→ EXERCISE PROMPT
The entries need to be copied exactly as they stand, images left out.

→ RECORDS FOR THIS TASK
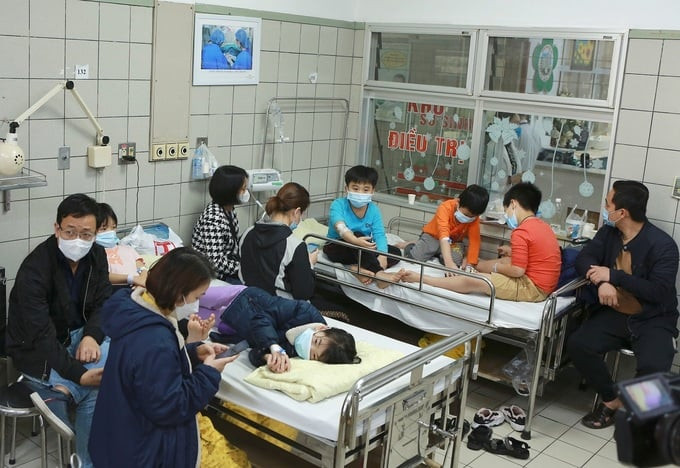 Hà Nội: Đã tìm ra nguyên nhân khiến 72 học sinh trường Tiểu học Kim Giang ngộ độc là từ món thịt gà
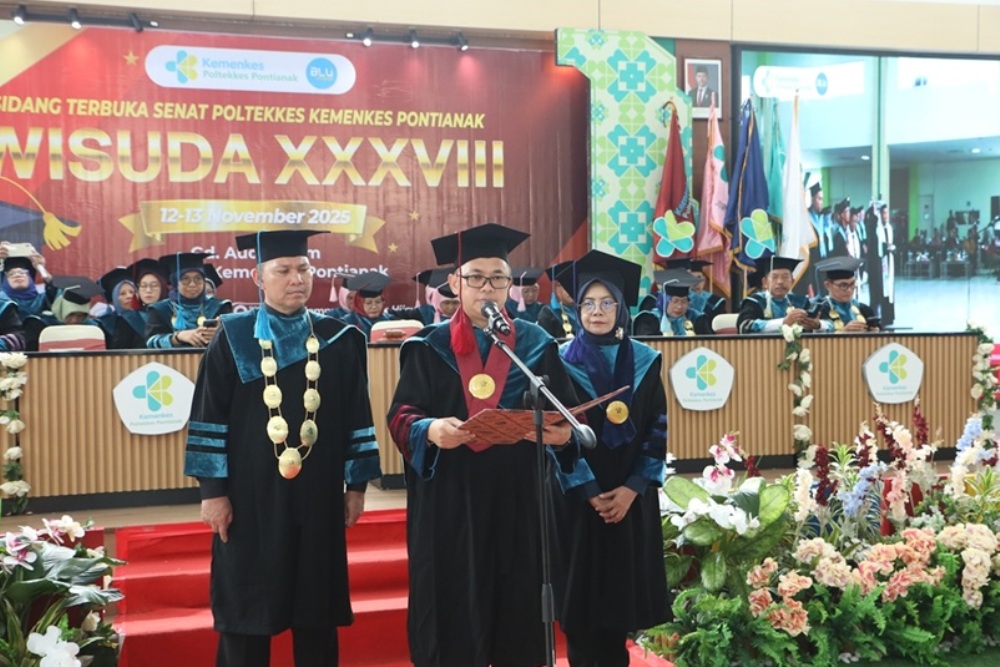 Wisuda Poltekkes Kemenkes Pontianak pada Rabu (12/11) lalu.
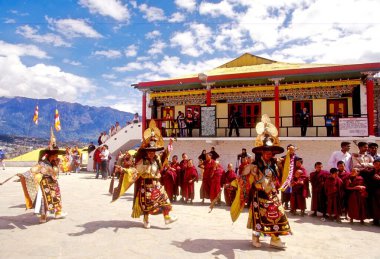 Lama Dansı Tawang Jung Manastırı, Arunachal Pradesh, Hindistan 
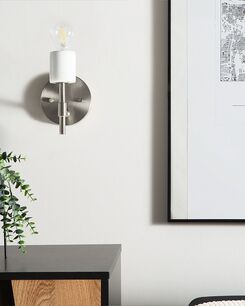 Seinävalaisin metalli hopea 2 kpl ARMERIA Seinävalaisin metalli hopea 2 kpl ARMERIA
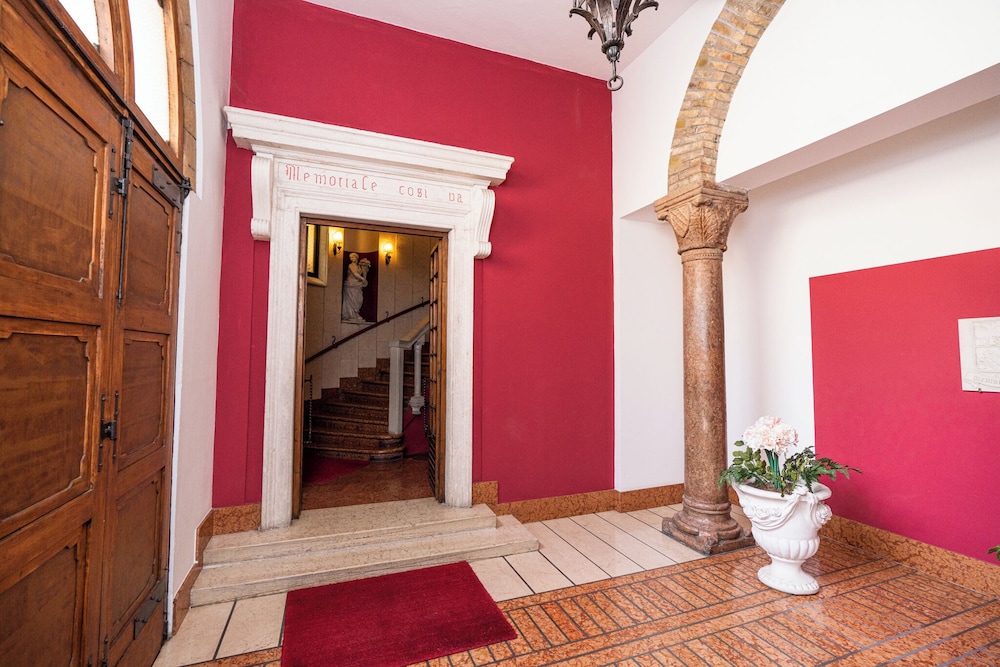 Residenza Serego - affaccio scavi Romani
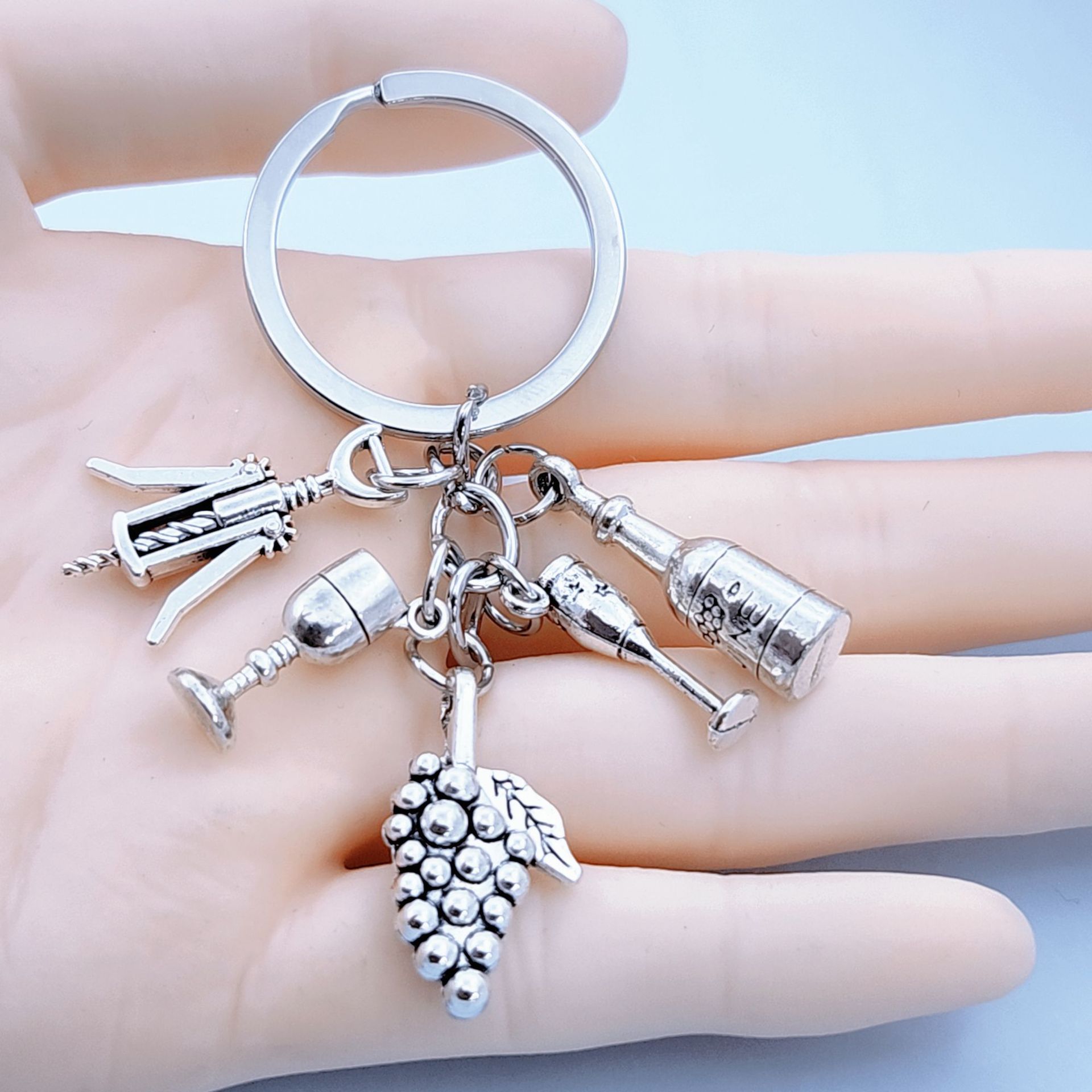 Red Wine Charm Key Ring Grape Glass Cup Bottle Opener Keychain Gifts Fit Corkscrew Key Chains Jewelry for Women Men Accessories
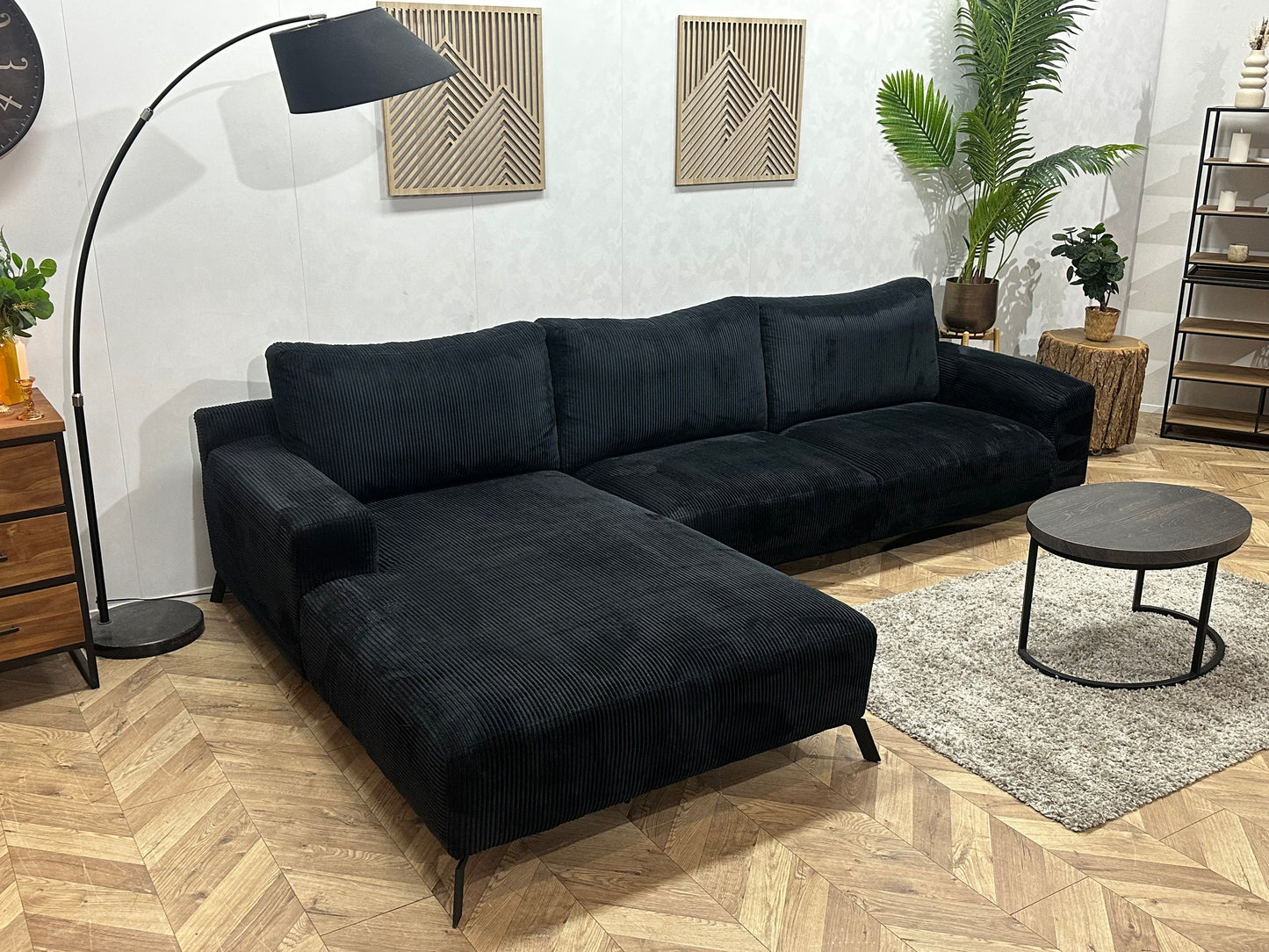 Zwarte Ribstof Hoekbank ~ Losse Rugkussens Met Afneembare Hoezen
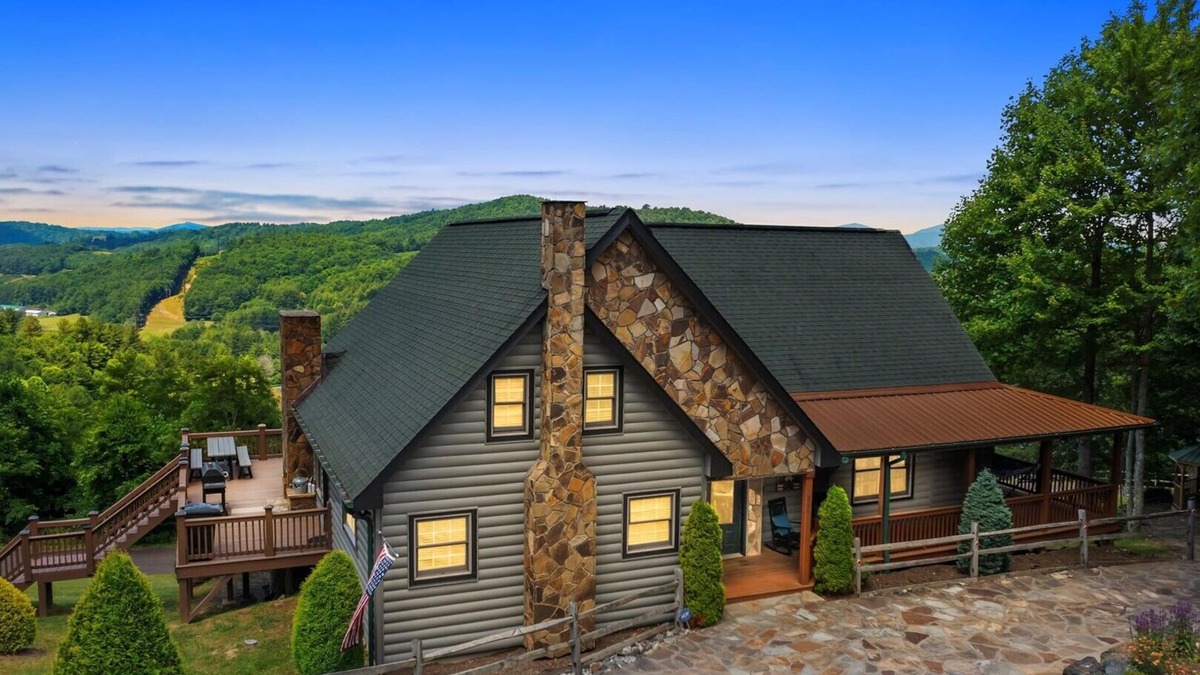 Fleetwood Cabin | A Home Sweet Home-Open for Bookings! Hot Tub, Game Room, Wi-Fi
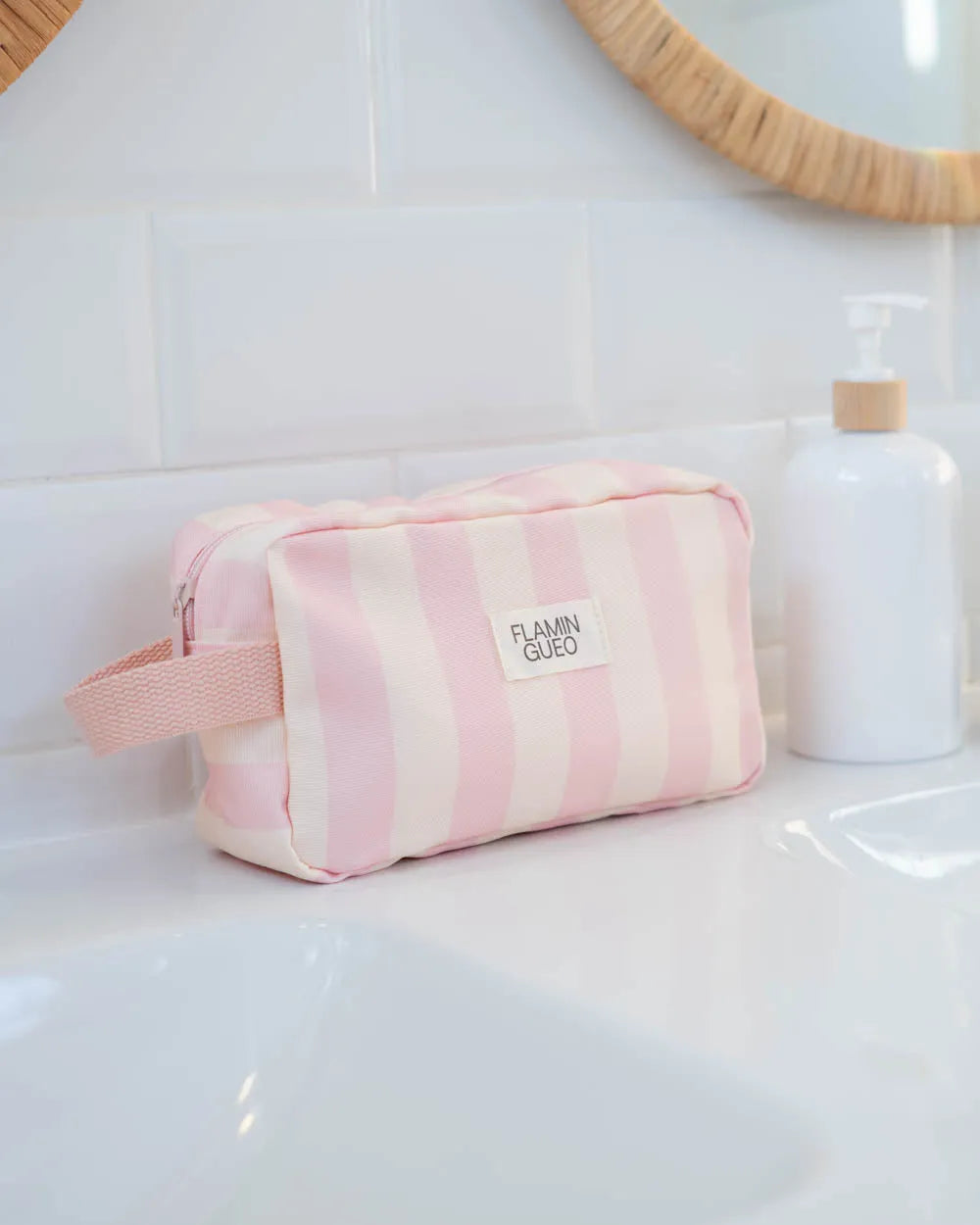 Children's backpack + toiletry bag set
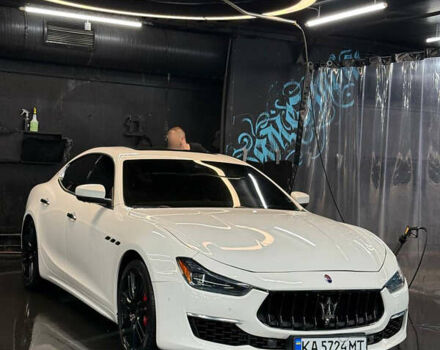 Мазерати Гибли 2019 в Киеве на Automoto.ua Белый Мазерати Гибли, объемом двигателя 2.98 л и пробегом 55 тыс. км за 35000 $, фото 2 на Automoto.ua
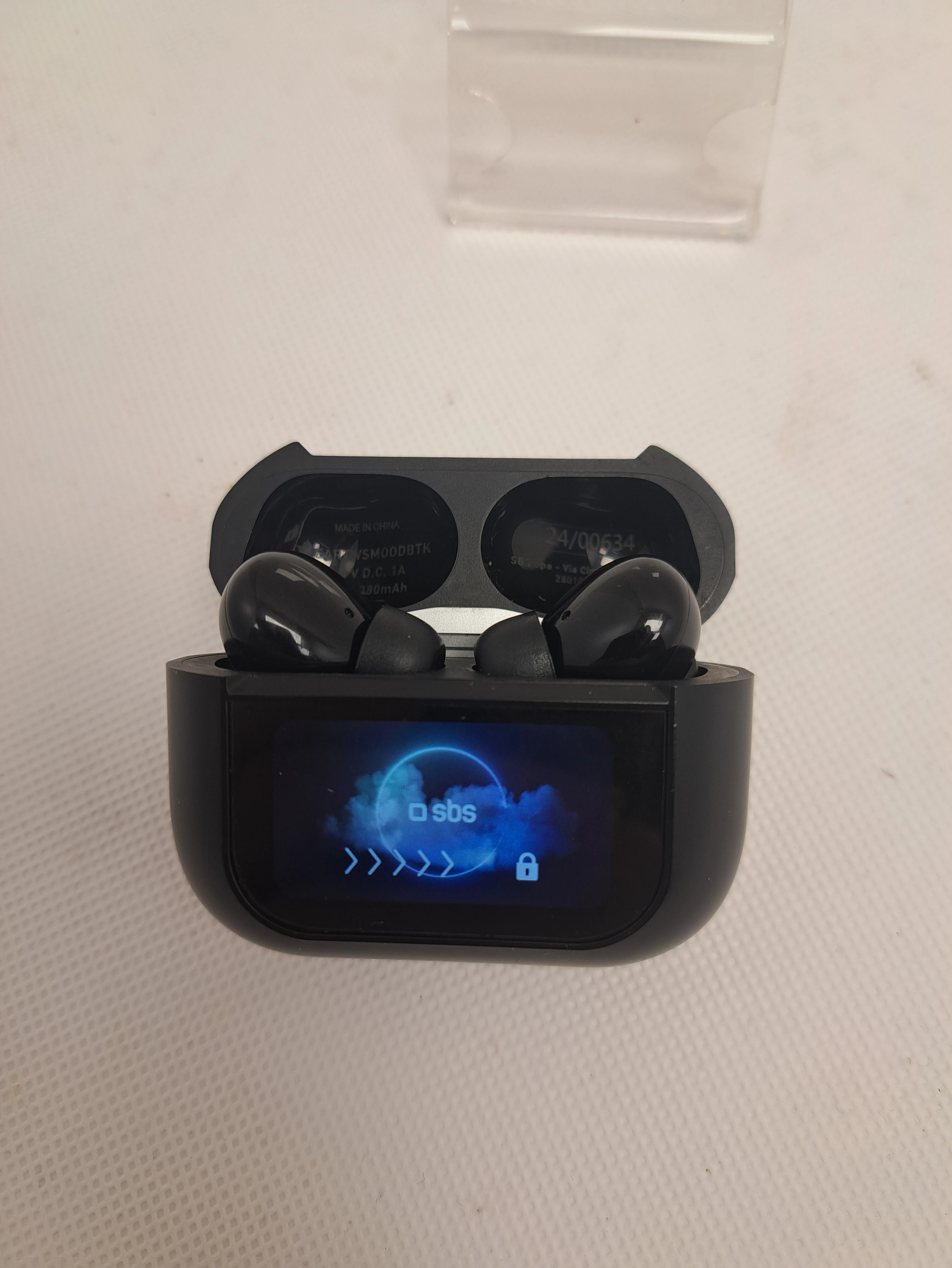 sluchawki-bezprzewodowe-sbs-mood-z-wielofunkcyjnym-wyswietlaczem-i-anc-ean-gtin-8018417468797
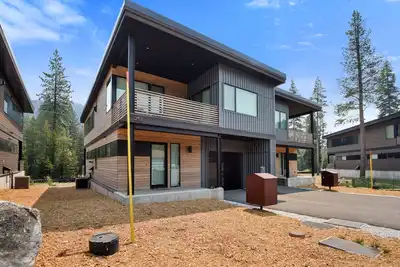 Image de Paradise in the Palisades | Private Hot Tub, Raft & Beach Equipment Included!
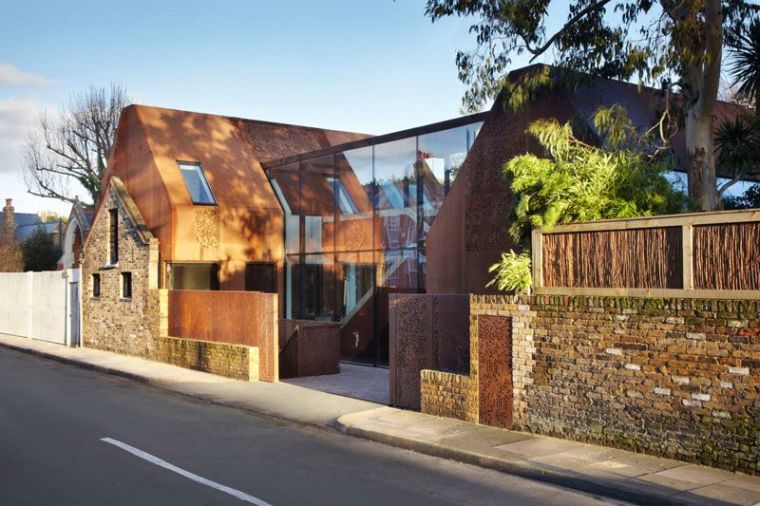 architecture maison moderne metal-acier-corten-verre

→ FINISHED TASK
 Hà Nội: Đã tìm ra nguyên nhân khiến 72 học sinh trường Tiểu học Kim Giang ngộ độc là từ món thịt gà
 Wisuda Poltekkes Kemenkes Pontianak pada Rabu (12/11) lalu.
 Lama Dansı Tawang Jung Manastırı, Arunachal Pradesh, Hindistan 
 Seinävalaisin metalli hopea 2 kpl ARMERIA Seinävalaisin metalli hopea 2 kpl ARMERIA
 Residenza Serego - affaccio scavi Romani
 Red Wine Charm Key Ring Grape Glass Cup Bottle Opener Keychain Gifts Fit Corkscrew Key Chains Jewelry for Women Men Accessories
 Zwarte Ribstof Hoekbank ~ Losse Rugkussens Met Afneembare Hoezen
 Fleetwood Cabin | A Home Sweet Home-Open for Bookings! Hot Tub, Game Room, Wi-Fi
 Children's backpack + toiletry bag set
 Мазерати Гибли 2019 в Киеве на Automoto.ua Белый Мазерати Гибли, объемом двигателя 2.98 л и пробегом 55 тыс. км за 35000 $, фото 2 на Automoto.ua
 sluchawki-bezprzewodowe-sbs-mood-z-wielofunkcyjnym-wyswietlaczem-i-anc-ean-gtin-8018417468797
 Image de Paradise in the Palisades | Private Hot Tub, Raft & Beach Equipment Included!
 architecture maison moderne metal-acier-corten-verre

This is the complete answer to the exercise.